-
Notifications
You must be signed in to change notification settings - Fork 84
Streaming sample only transfers the asset every fifth modification #417
Description
Bug Report
Describe the Bug
While trying out the streaming http-to-http sample, after the negotiation concluded successfully and the transfer has been started, the files/assets are only transferred once the extension has accumulated 5 modifications.
Expected Behavior
After starting the transfer, as soon as a file is created or an existing file is modified, the file should be transferred to the selected data destination.
Observed Behavior
After starting the transfer, if a file is created or modified once, no asset transfer happens: at the fifth modification (file creation counts as 2 modifications, I assume because first a file is created empty and then content is added) then 5 file transfers happen, one for each modification, and only the newest version of the files are transferred.
Steps to Reproduce
Steps to reproduce the behavior:
- Start a Connector with the streaming extension loaded
- Create a streaming asset, policy, contract, and negotiate then start the transfer
- Modify an existing file in the specified folder or create a new one
- No file transfer is executed
- Perform 5 modifications, to the same file or different ones
- At the fifth modification, 5 file transfer happen
Context Information
Tried with an EDC Connector 0.10.0 on the WSL (Windows 10) and on Ubuntu, in both cases inside docker containers, adding the extension from the samples and also a slightly customized one with the same file structure (extension, factory and data source).
Detailed Description
I was interested in tracking a single file instead of a folder and implemented this modified method:
@Override
public StreamResult<Stream<Part>> openPartStream() {
try {
Stream<Part> stream = openRecordsStream(watchService)
.filter(Objects::nonNull)
.flatMap(it -> it.pollEvents().stream())
.filter(it -> {
// Use the context (Path) of the event and compare with our file’s name.

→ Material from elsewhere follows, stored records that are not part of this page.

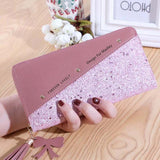 Fashion womens PU leather pink glitter wallet with tassel and bow charm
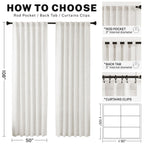 Meetbily Ivory Linen Curtains 108 Inches Long For Living Room 2 Panel Set Cream White Back Tab Semi Sheer Linen Drapes Neutral F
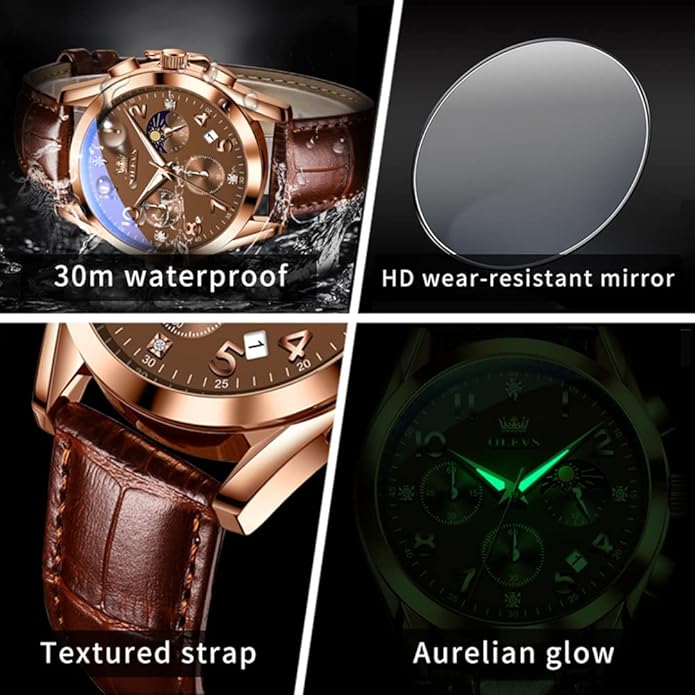 OLEVS Men's Watches Brown Leather with Date,Casual Watches for Men,Large Face Watches Men,Chronograph Mens Watch,Sport Waterproof Business Dress Analog Quartz Men's Wrist Watches Reloj De Hombre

String eventFileName = it.context().toString();
String sourceFileName = sourceFile.toPath().getFileName().toString();
monitor.debug("Processing event for file " + eventFileName + " (filter: " + sourceFile.getName() + "): " + eventFileName.equals(sourceFileName));
return eventFileName.equals(sourceFileName);
})
.map(it -> it.context().toString())
.map(it -> Paths.get(sourceFolder.toURI()).resolve(it))
.map(StreamingPart::new);
return StreamResult.success(stream);
} catch (Exception e) {
monitor.warning("Failed to open part stream: " + e.getMessage(), e);
return StreamResult.failure(new StreamFailure(List.of(e.getMessage()), StreamFailure.Reason.GENERAL_ERROR));
}
}I added a debug line for each modification, and the line does show up in the log each time I make a change to a file, but still the transfer only happens when 5 cumulative modifications happen:
connector_provider | DEBUG 2025-06-18T10:34:48.093194226 TransferProcess: ID 347a5688-016c-4984-965f-86966d1e6243. send transfer start to http://local_proxy:4443/connector_consumer/protocol
connector_provider | DEBUG 2025-06-18T10:34:48.098634968 [TransferProcessManagerImpl] TransferProcess 347a5688-016c-4984-965f-86966d1e6243 is now in state STARTED
connector_provider | DEBUG 2025-06-18T10:34:48.696326236 DataFlow: ID 347a5688-016c-4984-965f-86966d1e6243. start data flow
connector_provider | DEBUG 2025-06-18T10:34:48.696560269 [File monitoring streaming data source factory] Creating FileMonitoringStreaming data source...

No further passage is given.